Emma Mesa, Nellysabeth Murillo e Leiqui Uriana não se deixaram vencer nem pela pandemia. Aqui estão as suas histórias.

Sobreviver à pandemia não foi fácil para centenas de empreendimentos no país, os quais tiveram de se adaptar rapidamente às novas condições impostas pelo coronavírus.

De acordo com os resultados de um estudo do Facebook, da OCDE e do Banco Mundial, as empresas lideradas por mulheres foram as mais afectadas pela pandemia, sendo 11 por cento mais propensas a encerrar.

Apesar das dificuldades e, perante a ameaça de perder o que tinham conseguido, estas colombianas celebram o sucesso que tiveram nos seus empreendimentos graças à tecnologia e às redes sociais, inclusive, em meio à incerteza.

Emma Mesa – Maquiempanadas

Os americanos têm projetado todo o tipo de maquinaria para elaborar as suas comidas rápidas, assim também o fizeram os italianos para otimizar a preparação das pizzas. Mas nunca se tinham visto máquinas para fazer empanadas em larga escala e em menos tempo.

A administradora de empresas, Emma Mesa, descobriu que na Colômbia a comida típica que mais se consumia era a empanada, perto de 12 milhões por dia, de acordo com a investigação que realizou para os seus estudos de mestrado.

Foi assim que lhe ocorreu a sua ideia de negócio há dez anos. Propôs ao seu pai, engenheiro mecânico de profissão, Carlos Mesa, desenhar uma máquina para fazer empanadas, um processo que até então se fazia de forma manual.

Atualmente, Maquiempanadas é uma empresa dedicada ao fabrico de maquinaria para a elaboração de comida típica latina: empanadas, batata recheada, patacones, arepas, entre outras.

Estes equipamentos fabricam desde 500 até 2.000 empanadas por hora, e seus designs vão desde os mais simples e práticos para restauradores até máquinas automatizadas para maior produção.

Emma conta que no início foi muito difícil levar adiante o seu projeto, já que na Colômbia a tecnologia que ofereciam não foi bem recebida. Depois de apresentar os seus produtos em exposições e implementar estratégias de marketing tradicional, decidiram optar por dar a conhecer o seu produto através das redes sociais.
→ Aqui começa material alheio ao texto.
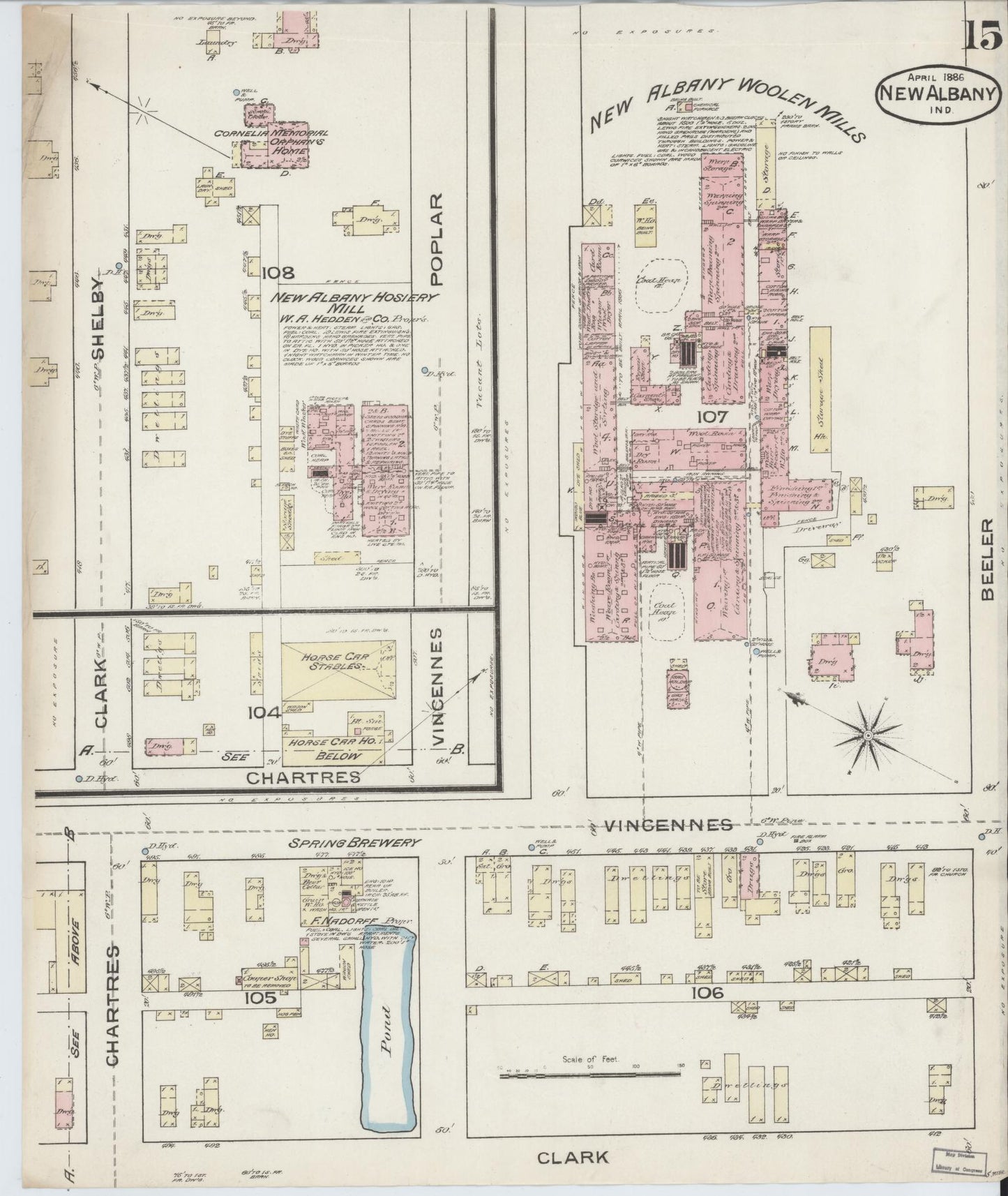 Sanborn Fire Insurance Map from New Albany, Floyd County, Indiana (1886), Sheet #0015 - Complete Map Set gallery image, historic Sanborn map, vintage wall art, Indiana Indiana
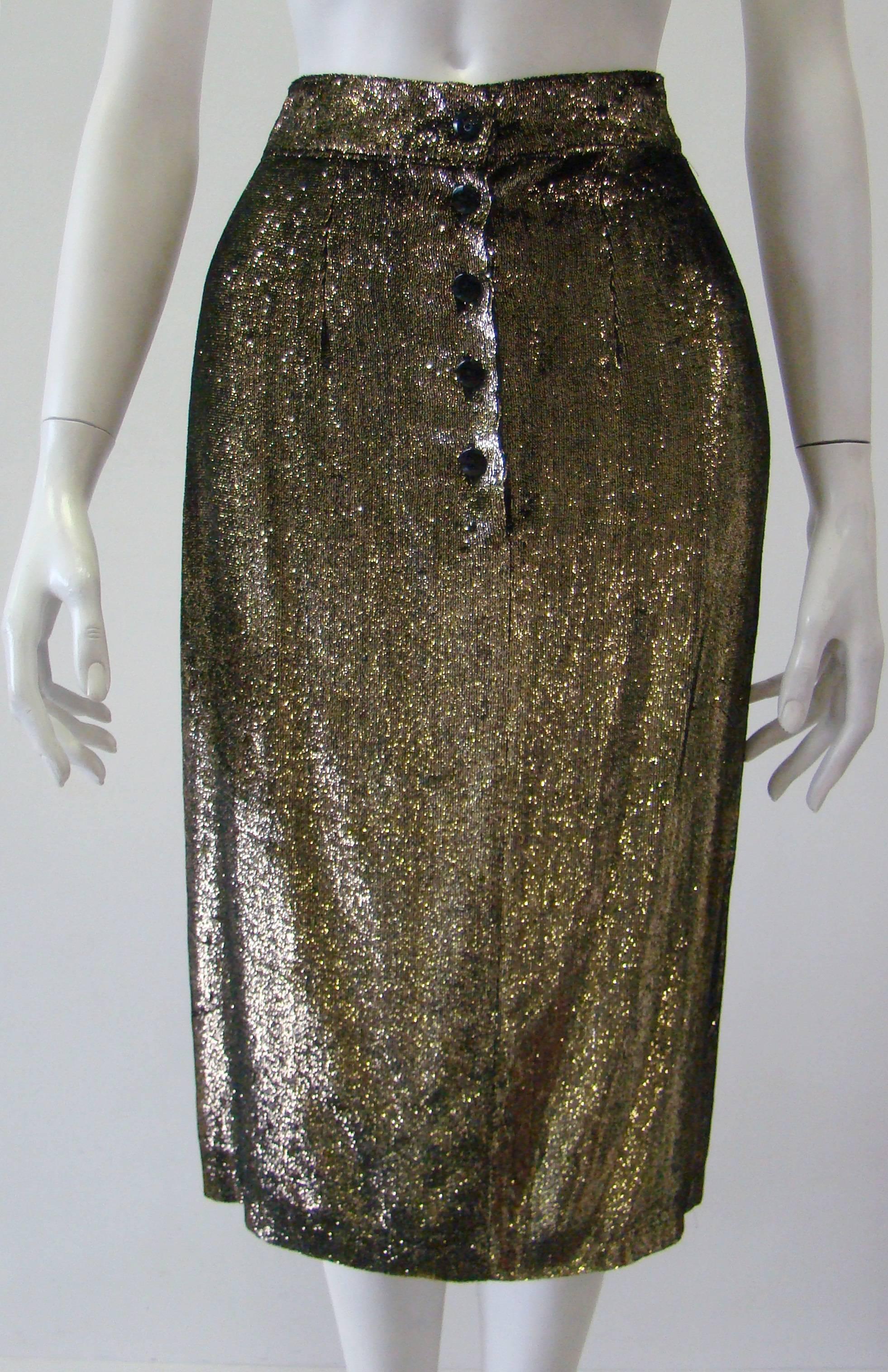 Black Istante By Gianni Versace Gold Lame Skirt Fall 1986 For Sale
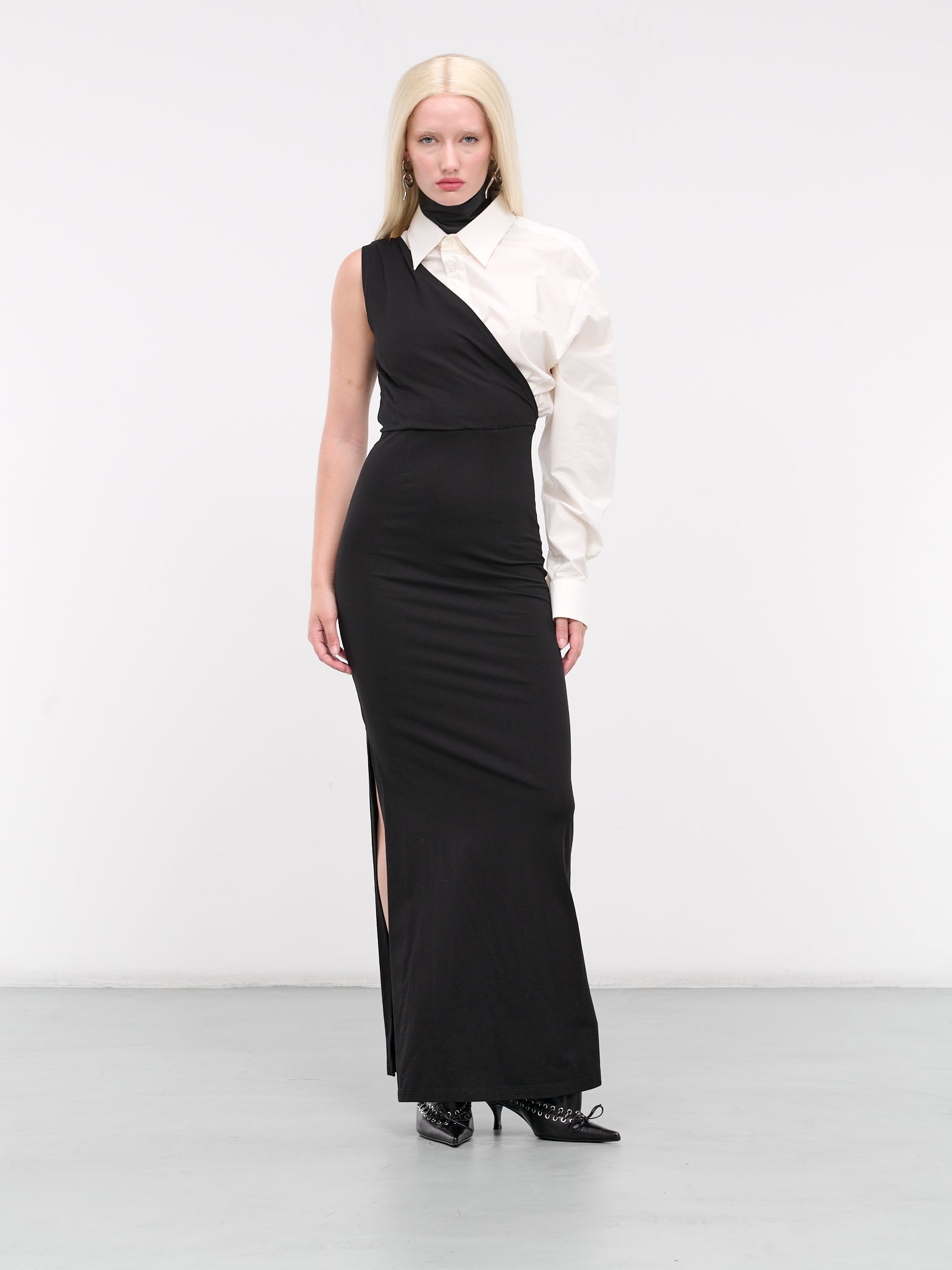 Deconstructed Maxi Dress (S62DG0021-MTJ004-OFF-WHITE)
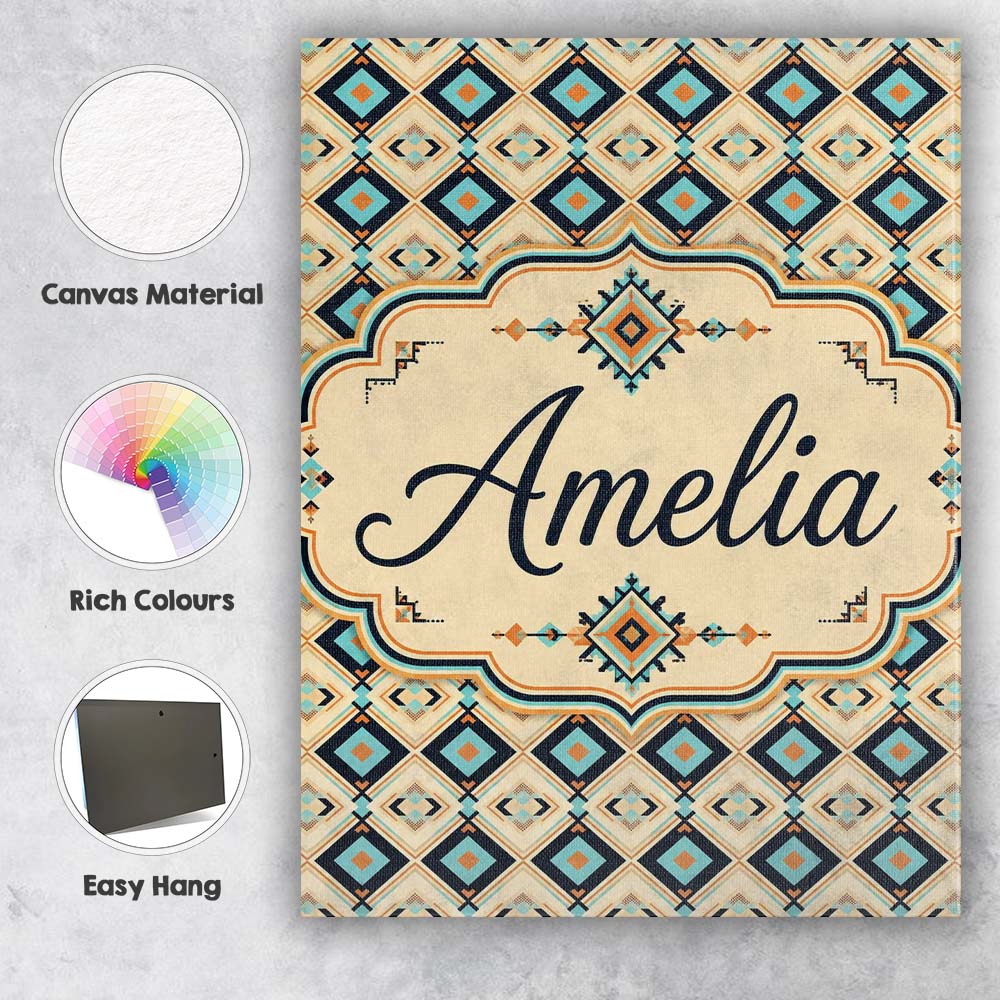 Personalised Name Mid Century Diamond Custom Modern Room Accent Creative Decorator Style Canvas Wall Art Print Decor Picture Ready to Hang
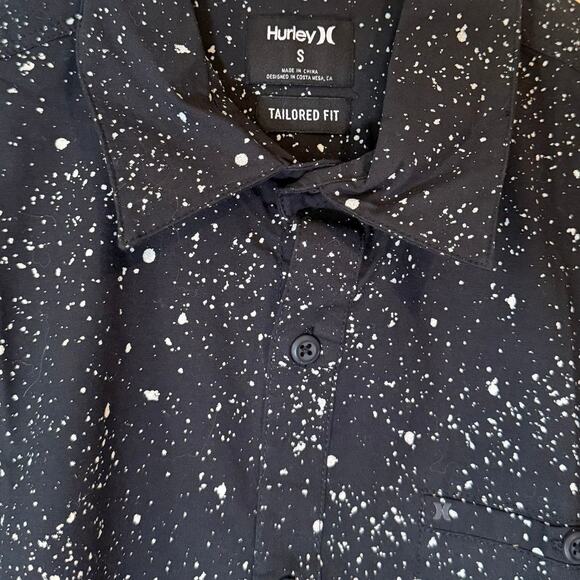 HURLEY Destroyer Button-Down Short-Sleeve Shirt AH4887 Black/White Men's SM NWT - Picture 6 of 7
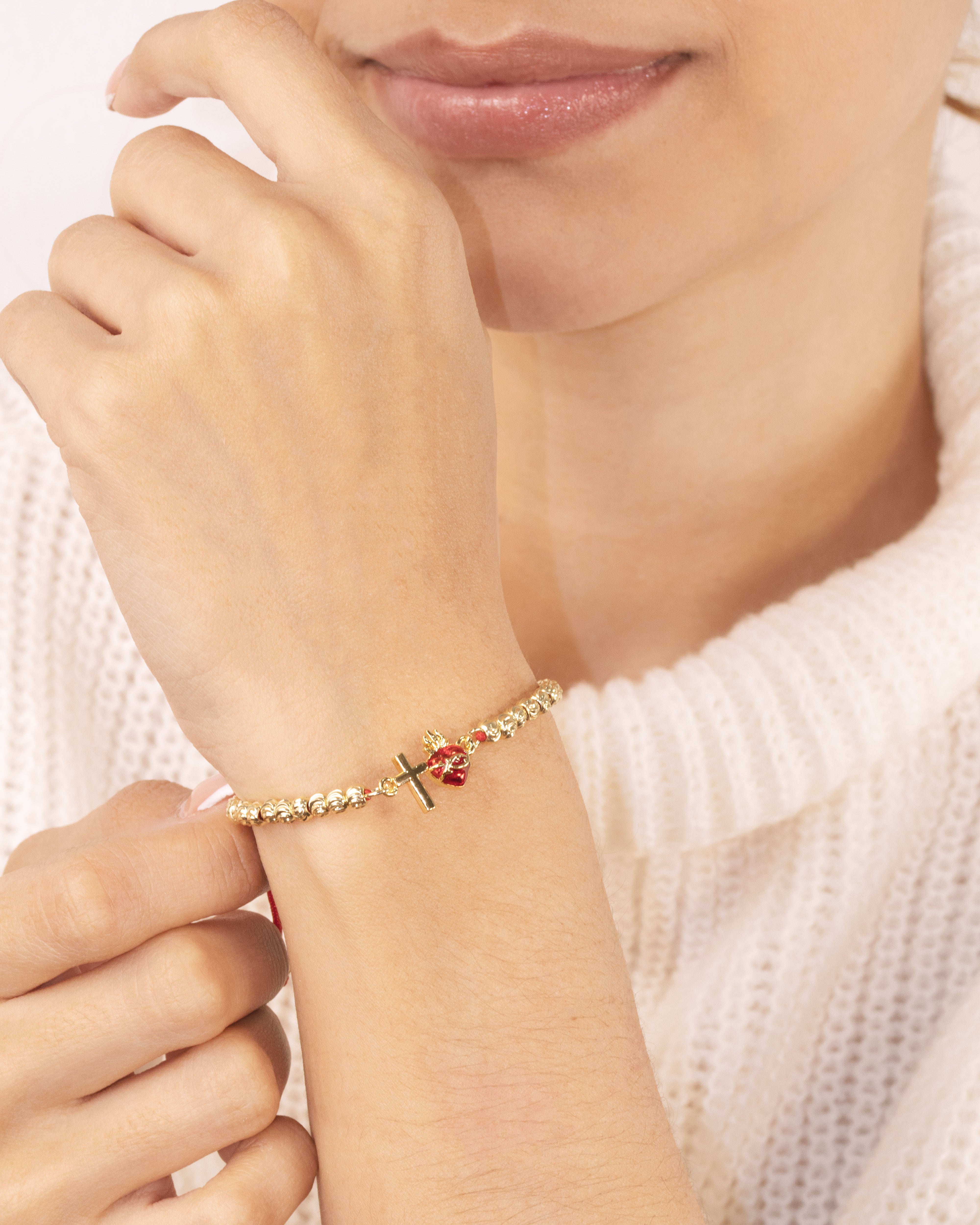 DIJE CORAZON ROJO + CRUZ BAÑO EN RODIO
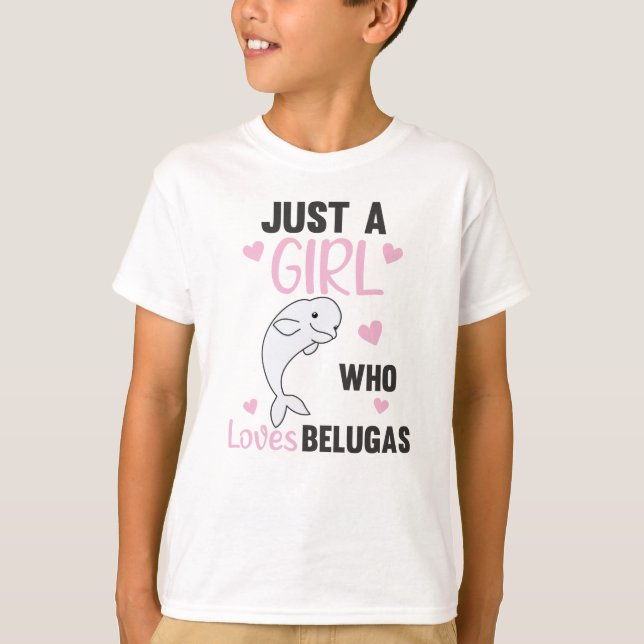 Bara en flicka som kärlek Beluga Whales Sweet Whal T Shirt (Framsida)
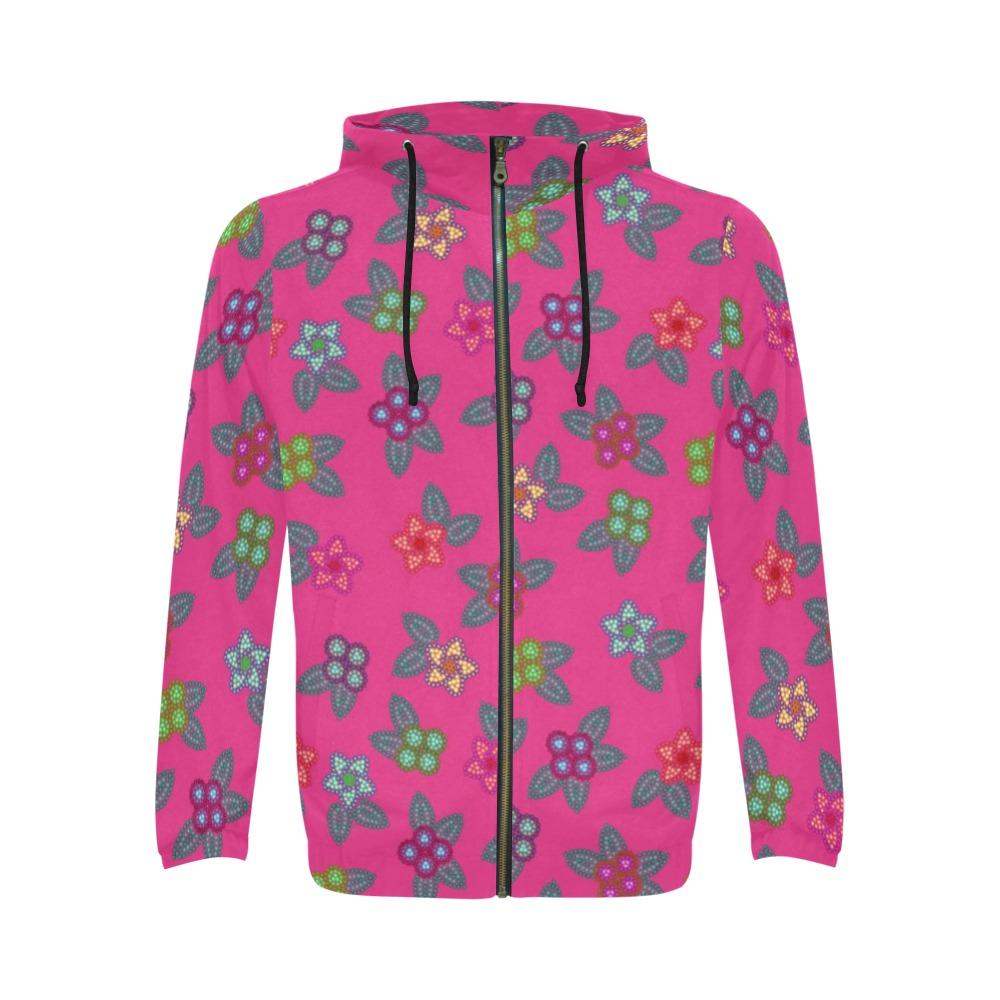 Berry Flowers All Over Print Full Zip Hoodie for Men (Model H14) All Over Print Full Zip Hoodie for Men (H14) e-joyer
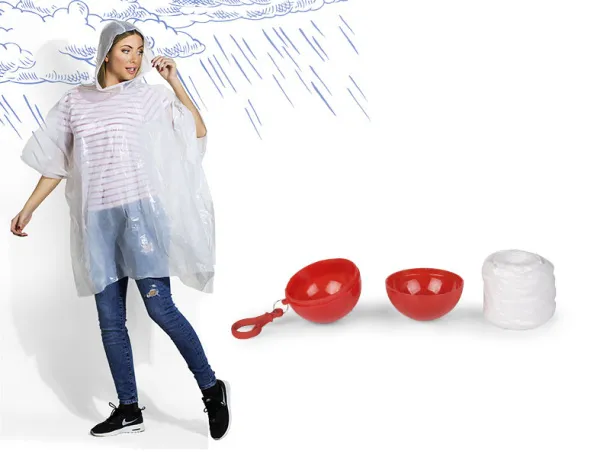 RAINCO raincoat in a plastic ball Red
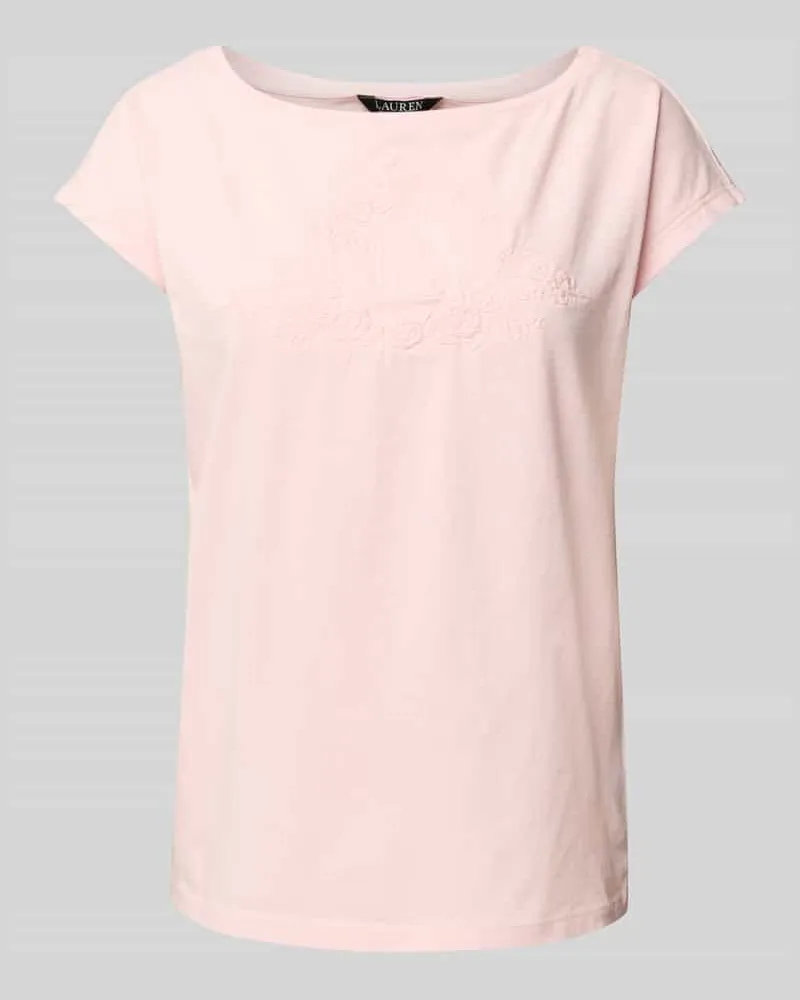 Ralph Lauren T-Shirt mit U-Boot-Ausschnitt Hellrosa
Segundo dados do Facebook, mais de 311.000 pessoas na Colômbia fazem parte de mais de 1650 grupos relacionados com o empreendedorismo feminino no Facebook. A manizaleña afirma que nessa rede social descobriram que havia um mercado potencial nos Estados Unidos, onde 8 em cada 10 norte-americanos têm contacto com um latino.

"Nestes anos, um dos nossos resultados mais importantes é que transformámos a comida latina através das nossas máquinas", destaca a empreendedora.

Assim o demonstram seus números pois, nesta década, exportaram seus produtos para 32 países, contam com 8 patentes como produtos de inovação e em 2020 fecharam com vendas de dois milhões de dólares, dos quais 70 por cento foram para o mercado norte-americano.

No que diz respeito ao empreendedorismo feminino, Emma destaca que é necessário capacitar as mulheres e apoiar seus negócios, pois as mulheres têm total capacidade de criar empresas, atuar no mercado internacional, incursionar na tecnologia e desenvolver propostas inovadoras.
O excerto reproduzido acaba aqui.